The Great Divorce, published in 1945, is another attempt by Lewis to use fiction (primarily in short stories) to illustrate his repeating themes about pain. In The Problem of Pain he had described heaven as an ascent and hell as a descent, with hell being locked from the inside (p.131). In Mere Christianity he had written that human beings, with every choice they made, were becoming more creatures of heaven or hell (p.92). The Great Divorce is the imagining of these themes. Indeed, in the preface to the book Lewis plainly repeats his point that evil cannot be turned into good; you have to go back. Lewis paints a picture of hell as a huge place where people move further and further from each other. Each person can always go to the “bus stop” to heaven – but they have to go back. Those who take the trip to the first steps of heaven experience being confronted with their core sins, and needing to overcome them, with help. Most do not make it; most resist the work and pain and return to hell. The “going back to good” is often painful, and Lewis in this book masterfully shows the importance of pain in the hands of the Father to help humans.
Lewis pictures heaven as a place that is more real than the visiting ghosts, so the grass actually hurts the ghosts (p.55). To be clear – this is Lewis writing (though in fiction) that the early steps of heaven actually cause pain to humans. The ghosts are told that the longer they stay in heaven the more solid they will become. One ghost, though, is mad that heaven doesn’t change reality to take away his pain. Another ghost has come to heaven to take apples, which are perfect apples, back to sell in hell. The weight of these apples causes this ghost terrible pain, because the apples are more solid – more real – than the ghost. Yet the ghost carries the apple away anyway, with much pain (p.47). Some of the ghosts are naked, and one is ashamed of this and is hiding. The visitor who comes down from the higher regions of heaven tells this ghost that shame is a pain that must be accepted: “Don’t you remember on earth— there were things too hot to touch with your finger but you could drink them all right? Shame is like that. If you will accept it— if you will drink the cup to the bottom— you will find it very nourishing: but try to do anything else with it and it scalds” (p.61). To make his point, Lewis is using a fictional story, and an analogy inside of that story! Pain from God is something humans should accept and it will help them. The Teacher in the story, George MacDonald, states Lewis’s point even more clearly: heaven will work backward and turn temporal suffering, no matter how bad, into glory; hell also works backwards and contaminates even the pleasure of sin (p.69).

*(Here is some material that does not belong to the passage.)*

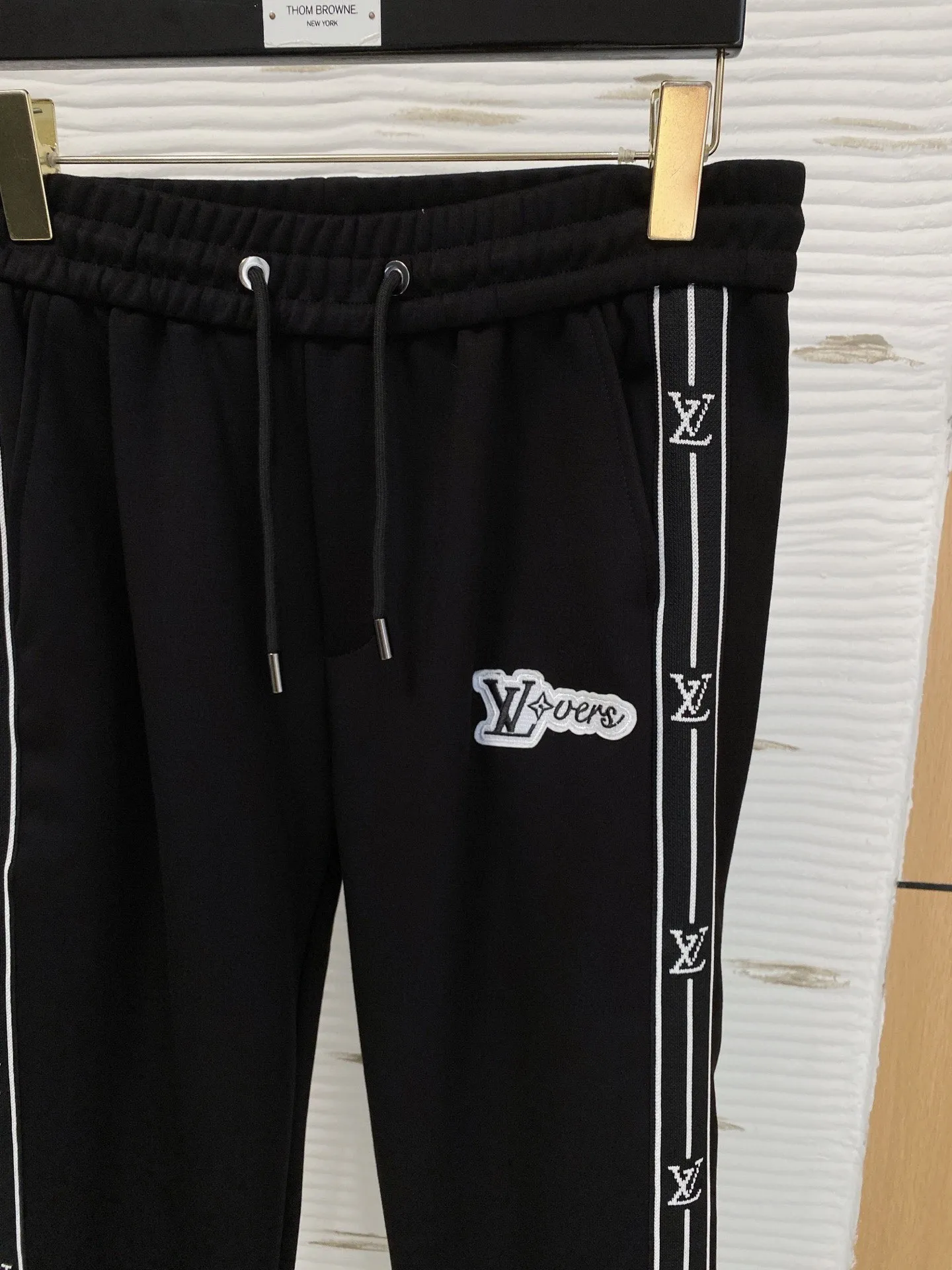 🅿️540 [LV Louis Vuitton] hot-selling suit is coming. Focus on the original version of the official website. 2025 new hot-selling round neck sweatshirt suit. The original order is the best 🇭🇰. It is the meticulous work of top designers for a fitting and perfect upper body effect. All-natural high-quality Tencel Roman cotton 100%, close-fitting comfort, noble and elegant! Original hardware embodies elegance and nobility! Counter size: M-3XL (maximum wear up to 190 pounds)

Lewis also uses these stories to talk about human will. One of the book’s most quotable lines is: “There are only two kinds of people in the end: those who say to God, “Thy will be done,” and those to whom God says, in the end, “Thy will be done.” All that are in Hell, choose it. Without that self-choice there could be no Hell. No soul that seriously and constantly desires joy will ever miss it” (p.75). We are told that humans prefer something, various different things, over joy – even at the price of misery (p.71). The ghost stories show the different things that people have chosen over God’s joy. They have free choice, and in choosing anything over God they have enslaved themselves in hell. Our choices shape our character. We are shown a woman who has grumbled so much that she is in danger – not of becoming a grumbler but of becoming a grumble. There will be no humanity left (p.77). Another woman has wept for years over her dead son, and ruined the lives of everyone around her. Even when her son shows up and tells her that everything is well, she will not let go of her grief. Sorrow is meant by God to purify us, but our misunderstanding of this means sorrow creates a wound that festers. She won’t believe in the real God, but only in her version of “the God of love” who would never take a son away from a mother. We are told that even natural love must be buried to rise again. God is the only true good (pp.101-102).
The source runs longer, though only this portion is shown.